▶ Material provided
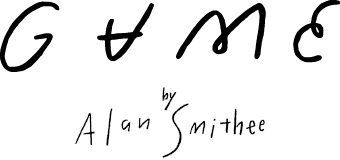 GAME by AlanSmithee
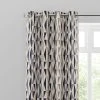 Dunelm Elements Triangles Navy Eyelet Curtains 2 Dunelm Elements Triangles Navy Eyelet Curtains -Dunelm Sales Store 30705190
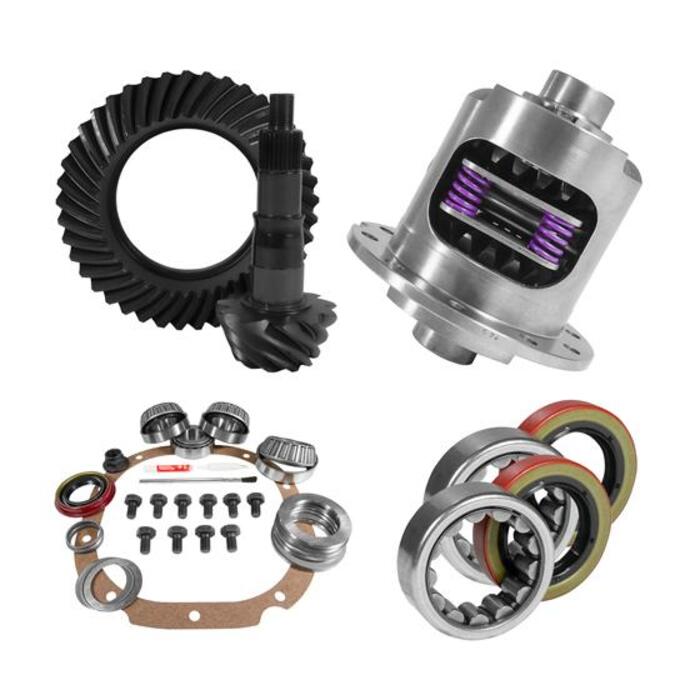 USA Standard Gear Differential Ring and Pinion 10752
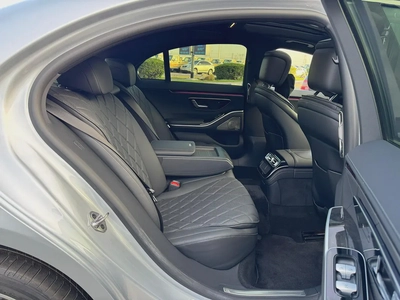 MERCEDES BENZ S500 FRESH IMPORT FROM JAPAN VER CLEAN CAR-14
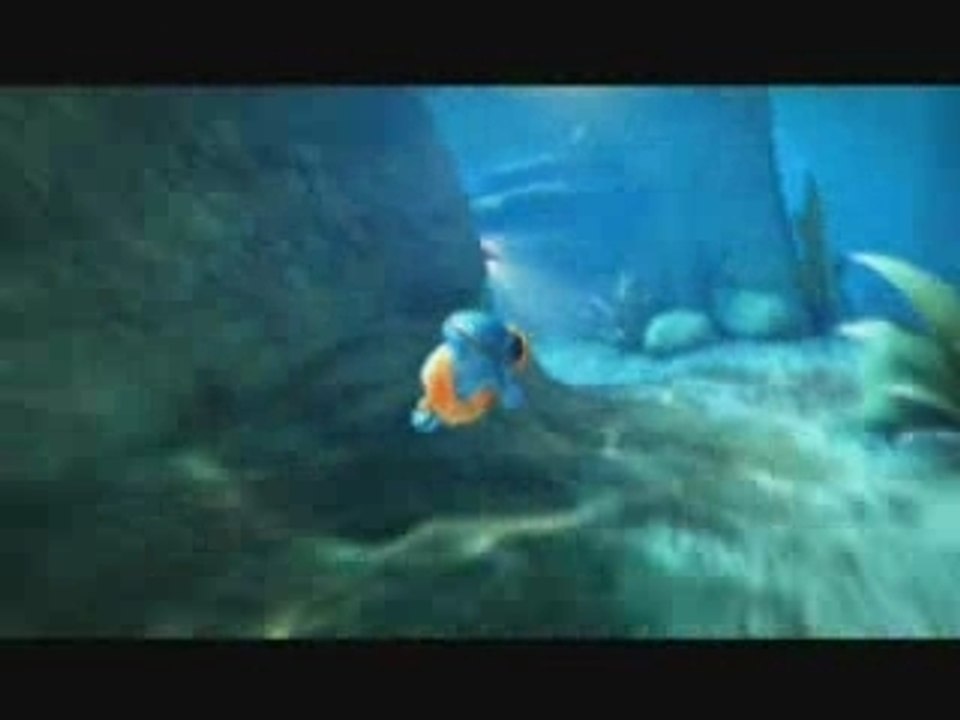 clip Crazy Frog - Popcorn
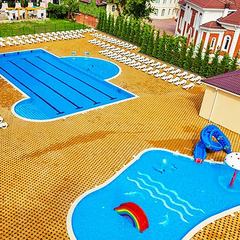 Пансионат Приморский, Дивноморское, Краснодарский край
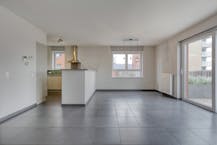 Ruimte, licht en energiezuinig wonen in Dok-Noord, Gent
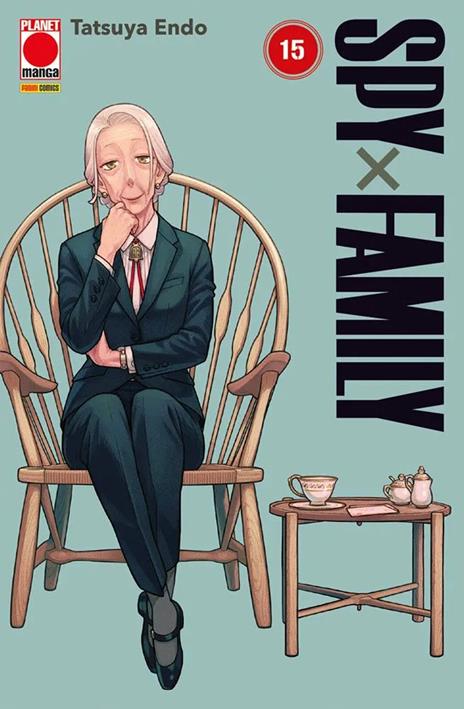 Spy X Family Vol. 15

▶ Problem to work on
Copy all of the entries verbatim, leaving out any pictures they contain.

▶ Exercise response
 GAME by AlanSmithee
 Dunelm Elements Triangles Navy Eyelet Curtains 2 Dunelm Elements Triangles Navy Eyelet Curtains -Dunelm Sales Store 30705190
 USA Standard Gear Differential Ring and Pinion 10752
 MERCEDES BENZ S500 FRESH IMPORT FROM JAPAN VER CLEAN CAR-14
 clip Crazy Frog - Popcorn
 Пансионат Приморский, Дивноморское, Краснодарский край
 Ruimte, licht en energiezuinig wonen in Dok-Noord, Gent
 Spy X Family Vol. 15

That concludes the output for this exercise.